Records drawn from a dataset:
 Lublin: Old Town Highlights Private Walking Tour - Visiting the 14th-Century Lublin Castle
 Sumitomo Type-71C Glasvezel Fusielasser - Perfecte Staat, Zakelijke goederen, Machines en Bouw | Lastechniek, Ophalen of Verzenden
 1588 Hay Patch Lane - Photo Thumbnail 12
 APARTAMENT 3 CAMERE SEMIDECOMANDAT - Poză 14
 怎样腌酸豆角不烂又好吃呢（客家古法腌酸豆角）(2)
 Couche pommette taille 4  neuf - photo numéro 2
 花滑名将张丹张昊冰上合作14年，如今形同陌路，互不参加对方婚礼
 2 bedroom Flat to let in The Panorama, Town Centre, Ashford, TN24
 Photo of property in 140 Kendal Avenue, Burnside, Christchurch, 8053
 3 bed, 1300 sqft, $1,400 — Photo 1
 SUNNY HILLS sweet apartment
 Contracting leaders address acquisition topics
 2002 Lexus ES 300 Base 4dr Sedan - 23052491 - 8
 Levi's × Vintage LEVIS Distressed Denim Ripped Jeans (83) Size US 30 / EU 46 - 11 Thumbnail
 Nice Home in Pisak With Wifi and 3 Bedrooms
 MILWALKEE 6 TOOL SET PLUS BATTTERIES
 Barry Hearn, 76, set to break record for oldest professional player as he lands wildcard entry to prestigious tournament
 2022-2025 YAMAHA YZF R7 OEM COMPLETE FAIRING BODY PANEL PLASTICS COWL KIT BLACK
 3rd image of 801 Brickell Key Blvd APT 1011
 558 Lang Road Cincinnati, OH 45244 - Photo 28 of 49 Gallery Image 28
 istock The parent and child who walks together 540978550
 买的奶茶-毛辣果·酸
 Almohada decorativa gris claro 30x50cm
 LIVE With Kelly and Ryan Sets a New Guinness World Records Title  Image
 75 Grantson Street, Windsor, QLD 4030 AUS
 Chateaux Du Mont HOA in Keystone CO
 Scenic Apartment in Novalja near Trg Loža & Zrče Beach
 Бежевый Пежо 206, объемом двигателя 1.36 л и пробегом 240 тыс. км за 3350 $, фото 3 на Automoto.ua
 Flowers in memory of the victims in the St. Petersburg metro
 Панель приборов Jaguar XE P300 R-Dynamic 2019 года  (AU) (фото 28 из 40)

What the task asks: A word-for-word copy of the data is what should be returned.

Answer box:
 Lublin: Old Town Highlights Private Walking Tour - Visiting the 14th-Century Lublin Castle
 Sumitomo Type-71C Glasvezel Fusielasser - Perfecte Staat, Zakelijke goederen, Machines en Bouw | Lastechniek, Ophalen of Verzenden
 1588 Hay Patch Lane - Photo Thumbnail 12
 APARTAMENT 3 CAMERE SEMIDECOMANDAT - Poză 14
 怎样腌酸豆角不烂又好吃呢（客家古法腌酸豆角）(2)
 Couche pommette taille 4  neuf - photo numéro 2
 花滑名将张丹张昊冰上合作14年，如今形同陌路，互不参加对方婚礼
 2 bedroom Flat to let in The Panorama, Town Centre, Ashford, TN24
 Photo of property in 140 Kendal Avenue, Burnside, Christchurch, 8053
 3 bed, 1300 sqft, $1,400 — Photo 1
 SUNNY HILLS sweet apartment
 Contracting leaders address acquisition topics
 2002 Lexus ES 300 Base 4dr Sedan - 23052491 - 8
 Levi's × Vintage LEVIS Distressed Denim Ripped Jeans (83) Size US 30 / EU 46 - 11 Thumbnail
 Nice Home in Pisak With Wifi and 3 Bedrooms
 MILWALKEE 6 TOOL SET PLUS BATTTERIES
 Barry Hearn, 76, set to break record for oldest professional player as he lands wildcard entry to prestigious tournament
 2022-2025 YAMAHA YZF R7 OEM COMPLETE FAIRING BODY PANEL PLASTICS COWL KIT BLACK
 3rd image of 801 Brickell Key Blvd APT 1011
 558 Lang Road Cincinnati, OH 45244 - Photo 28 of 49 Gallery Image 28
 istock The parent and child who walks together 540978550
 买的奶茶-毛辣果·酸
 Almohada decorativa gris claro 30x50cm
 LIVE With Kelly and Ryan Sets a New Guinness World Records Title  Image
 75 Grantson Street, Windsor, QLD 4030 AUS
 Chateaux Du Mont HOA in Keystone CO
 Scenic Apartment in Novalja near Trg Loža & Zrče Beach
 Бежевый Пежо 206, объемом двигателя 1.36 л и пробегом 240 тыс. км за 3350 $, фото 3 на Automoto.ua
 Flowers in memory of the victims in the St. Petersburg metro
 Панель приборов Jaguar XE P300 R-Dynamic 2019 года  (AU) (фото 28 из 40)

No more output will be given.